Levy’s legendary ads: distinctiveness to drive penetration
I read a lovely little article about the legendary Levy's rye brand ad campaign, by Dave Trott on the Marketing Society blog. The campaign dates back to the 1960's, but shows how the oldies are sometimes the goodies when it comes to brand growth stories. The campaign helped Levy's become the biggest brand of rye brand in New York state and eventually the US, and is a great example of how driving penetration is key to growth.
Wind back to the Mad Men era of the early 60's. Whitney Ruben, of Rubens Bakery in Brooklyn, New York, is discussing how to increase sales of Levy's rye bread. The bread was mainly consumed by Jewish immigrants, and this usage was reflected in the media strategy. The brand ran ads in the New York Post because it had 80% Jewish readership.
One approach would have been to focus on existing users and brand fans, and get them to eat the bread more often.
But Bill Bernbach, of ad agency DDB, had a better idea.
He suggested the key was to widen the user base and drive penetration: "You need to appeal to a wider audience than just immigrants. We need to get to the people who haven't tried it yet". Yup. Bill had grasped the importance of driving penetration not frequency, 40 years before Byron Sharp wrote about this in his book "How Brands Grow".
Here's some of the smart things Ruben and Bernbach did next.
1. Target new users: the media strategy was changed, with adverts placed in the food sections of The World-Telegram and The Journal-American to get to a broader user base.
2. Be distinctive: for the 1960's the Levy's ads were highly distinctive featuring a range of different ethnic minorities. This might not seem that brave now, but it was at the time as Dave explains, "This was the Mad Men era of advertising, Everyone, in all the ads, aspired to be a WASP (White, Anglo-Saxon, Protestant).

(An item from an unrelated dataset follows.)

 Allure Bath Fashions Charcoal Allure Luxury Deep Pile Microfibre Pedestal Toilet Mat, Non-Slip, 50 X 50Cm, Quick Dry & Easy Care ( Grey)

Men were only shown wearing suits and ties, women wore pinafores and had pony tails, and all the children were blonde and freckled."
3. Embrace your brand truth: Bernbach suggested to embrace the brand's authenticity, not hide it, and re-name the brand. “We need to make it more ethnic, give it more credibility. We need to change the name to Levy’s Real Jewish Rye.” As Dave explains, the effect of this was "Sewing the doubt that not all rye bread was “Real Jewish Rye”.
4. Less is more: The Levy's campaign is a great reminder of the need for poster ads in particular to be really simple. These ads are so beautifully single minded, and free of small print.
In conclusion, there is a lot to learn from this little story. The need to drive penetration through a distinctive expression of your brand truth.